A verbatim restatement of the data, free of pictures, is what you should output.
*-*-*
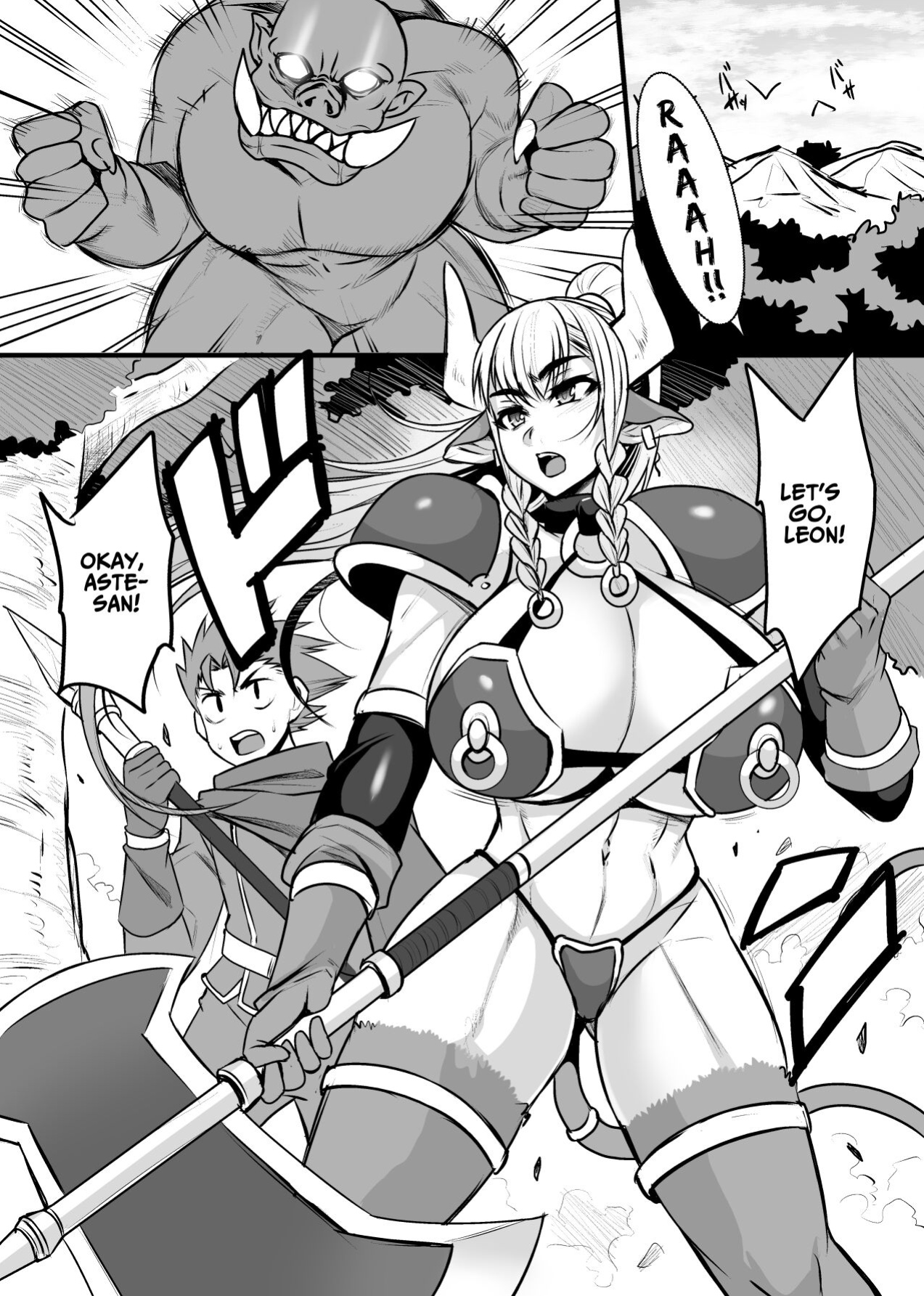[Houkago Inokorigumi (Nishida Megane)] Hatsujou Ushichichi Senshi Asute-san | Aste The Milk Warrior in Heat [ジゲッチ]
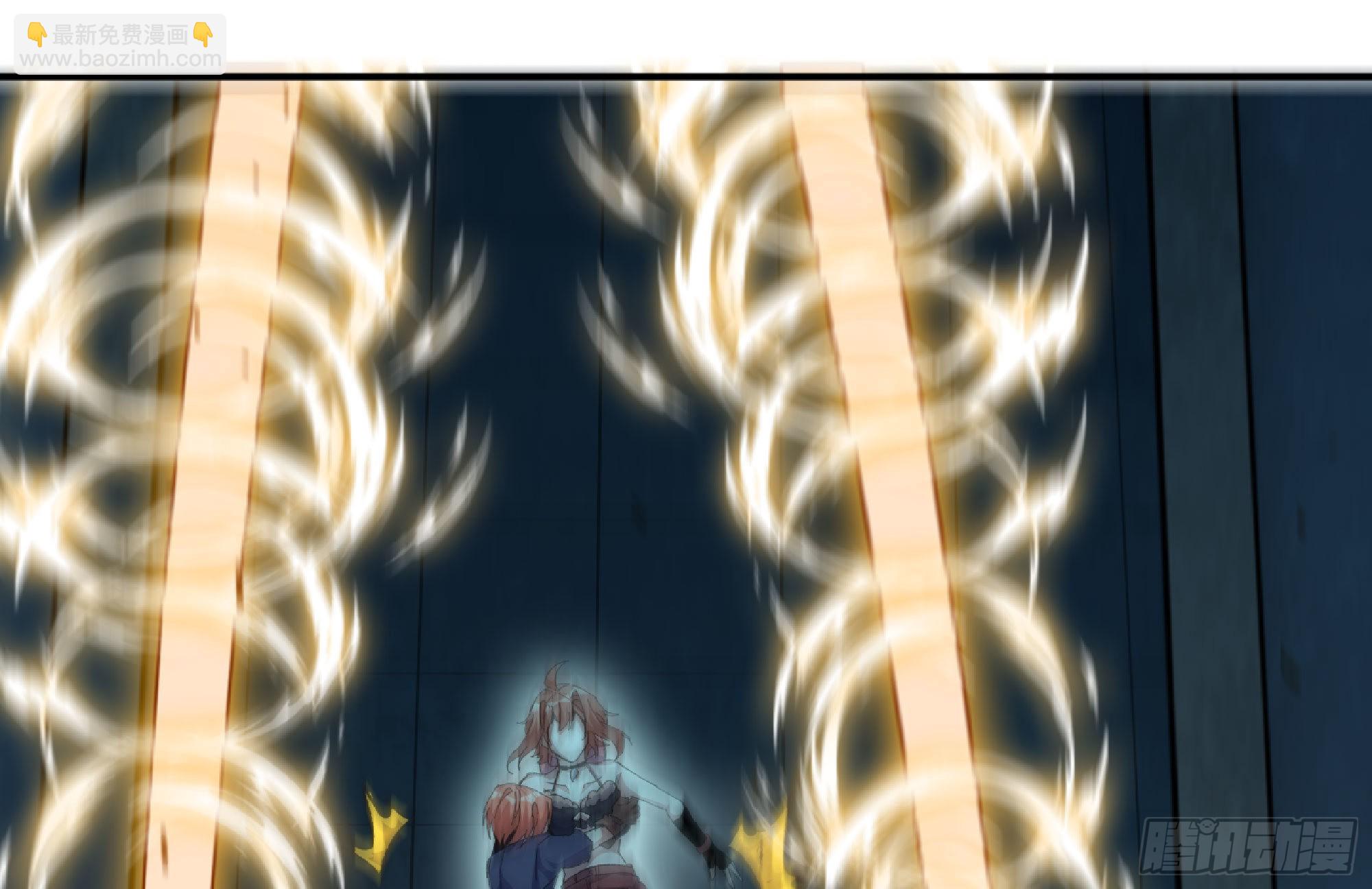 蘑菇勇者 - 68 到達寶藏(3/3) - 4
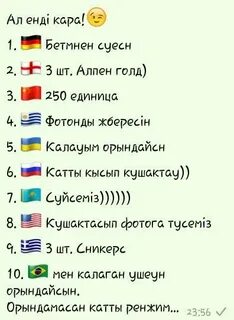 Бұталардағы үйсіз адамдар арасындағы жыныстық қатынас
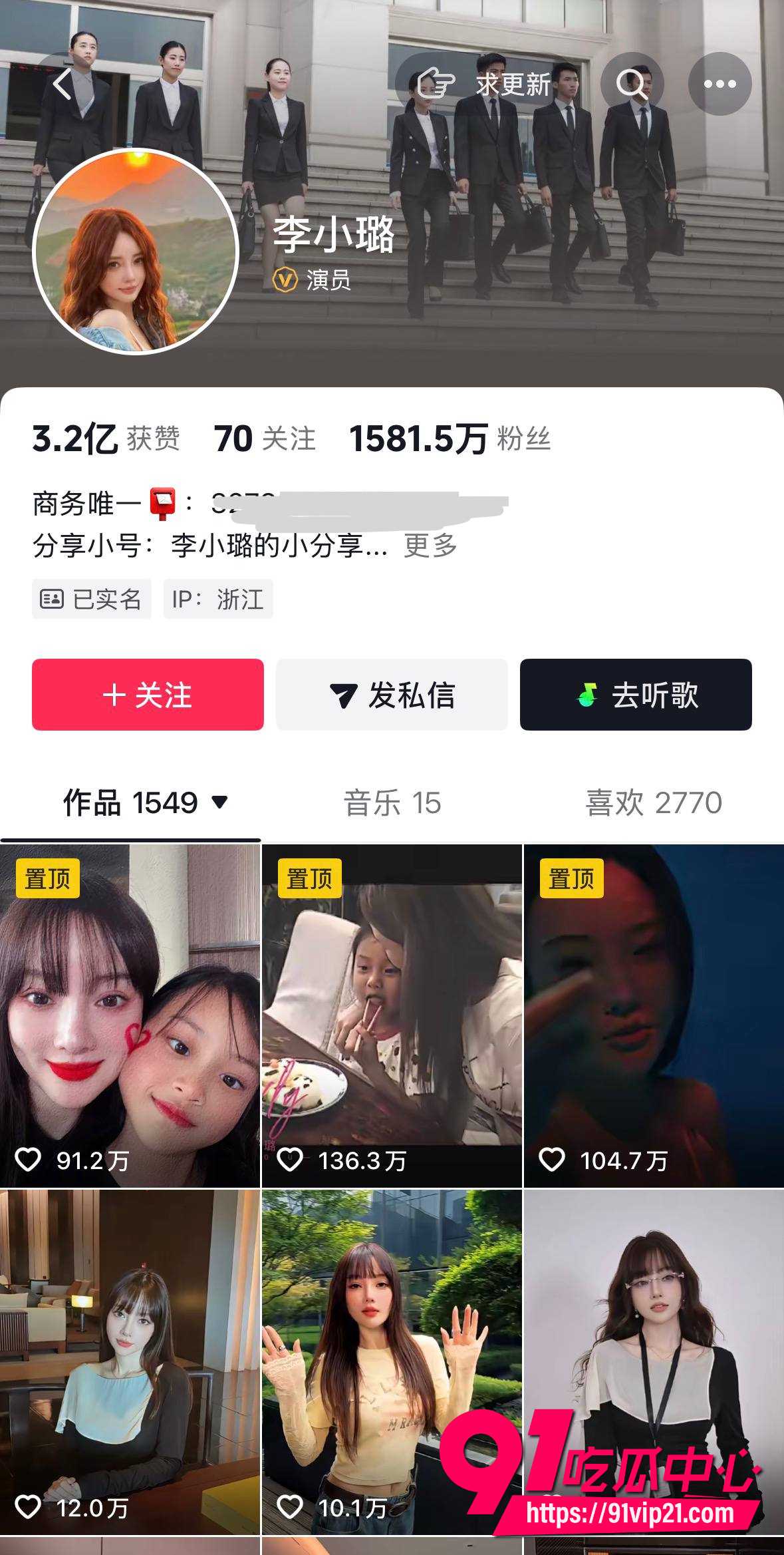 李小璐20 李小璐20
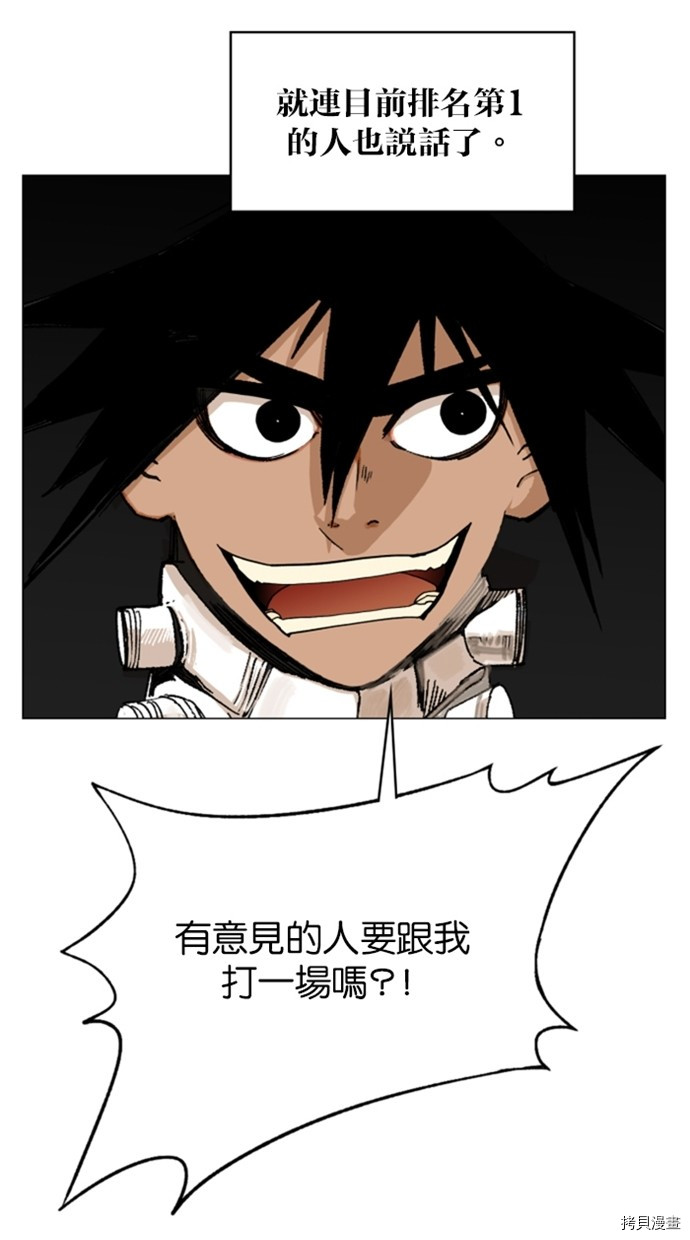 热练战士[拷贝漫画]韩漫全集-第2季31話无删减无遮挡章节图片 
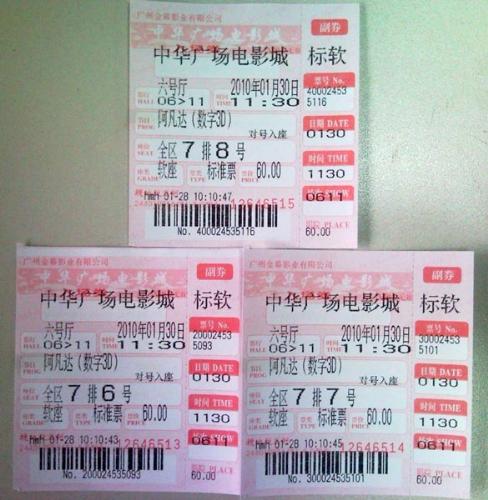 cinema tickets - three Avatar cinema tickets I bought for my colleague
*-*-*
Reply to the task
[Houkago Inokorigumi (Nishida Megane)] Hatsujou Ushichichi Senshi Asute-san | Aste The Milk Warrior in Heat [ジゲッチ]
 蘑菇勇者 - 68 到達寶藏(3/3) - 4
 Бұталардағы үйсіз адамдар арасындағы жыныстық қатынас
 李小璐20 李小璐20
 热练战士[拷贝漫画]韩漫全集-第2季31話无删减无遮挡章节图片 
 cinema tickets - three Avatar cinema tickets I bought for my colleague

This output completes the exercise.